Task statement:
With pictures left out, return only the lines from the line containing "wavy-strawberry-blonde-haircut-for-medium-hair" through the end of the material below, both included.

Data segment:
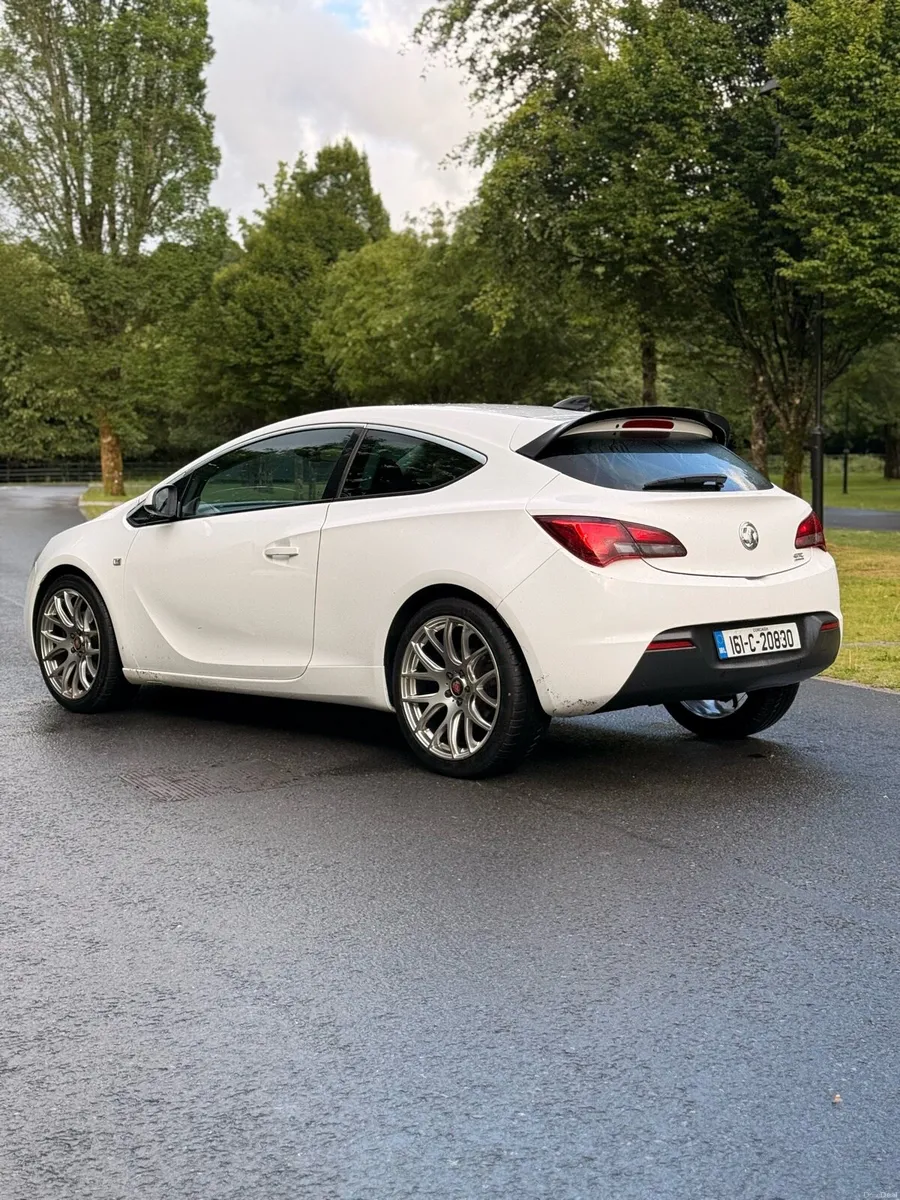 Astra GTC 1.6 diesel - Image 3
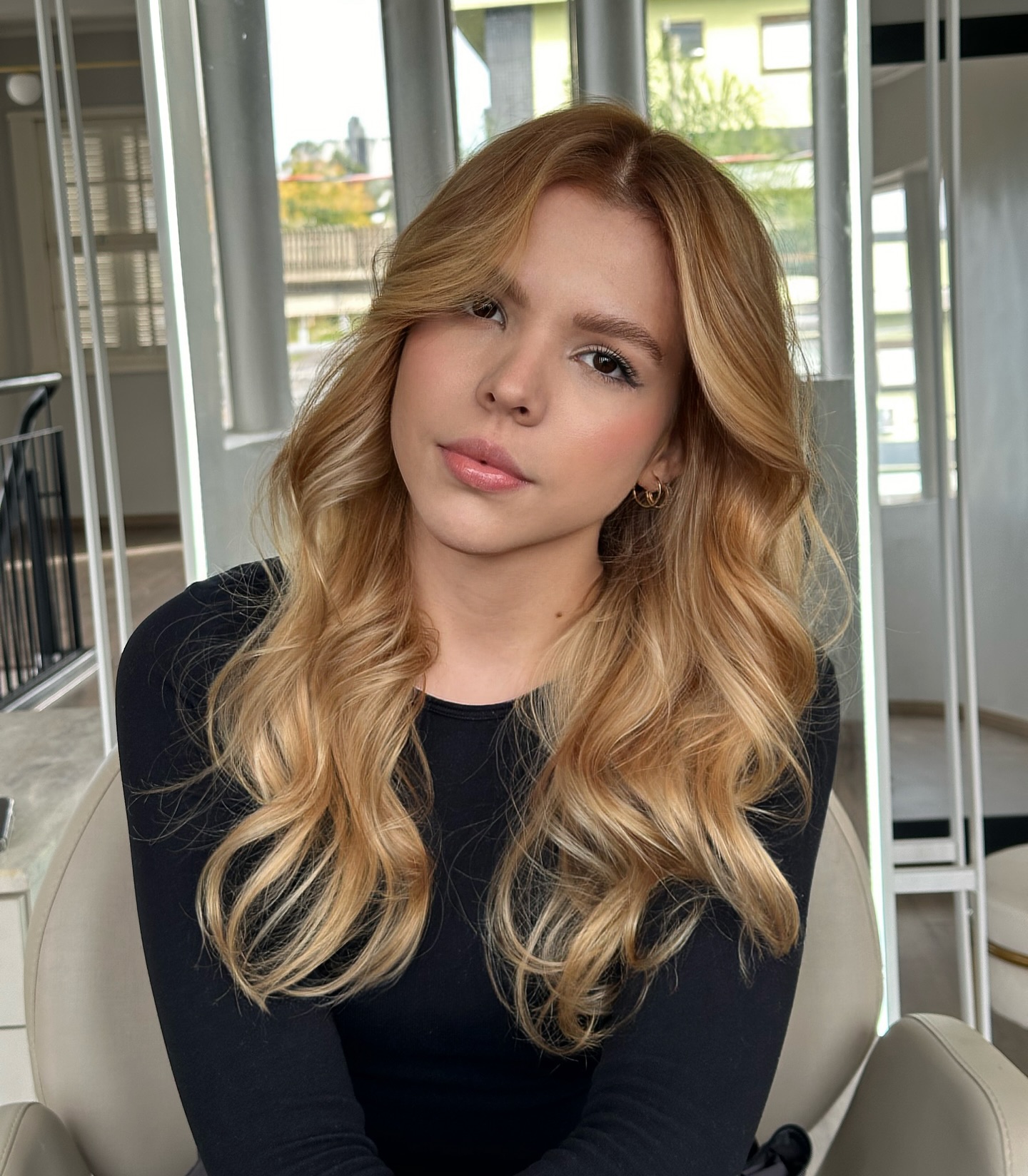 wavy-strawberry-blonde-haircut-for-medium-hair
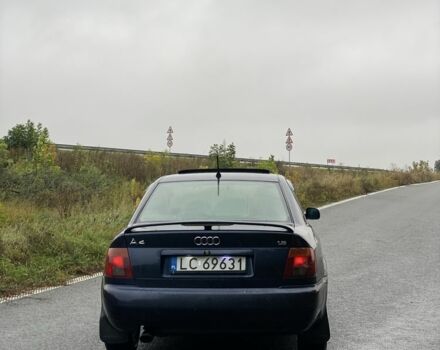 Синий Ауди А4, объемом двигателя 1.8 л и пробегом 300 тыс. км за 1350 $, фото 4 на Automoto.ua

Answer area:
 wavy-strawberry-blonde-haircut-for-medium-hair
 Синий Ауди А4, объемом двигателя 1.8 л и пробегом 300 тыс. км за 1350 $, фото 4 на Automoto.ua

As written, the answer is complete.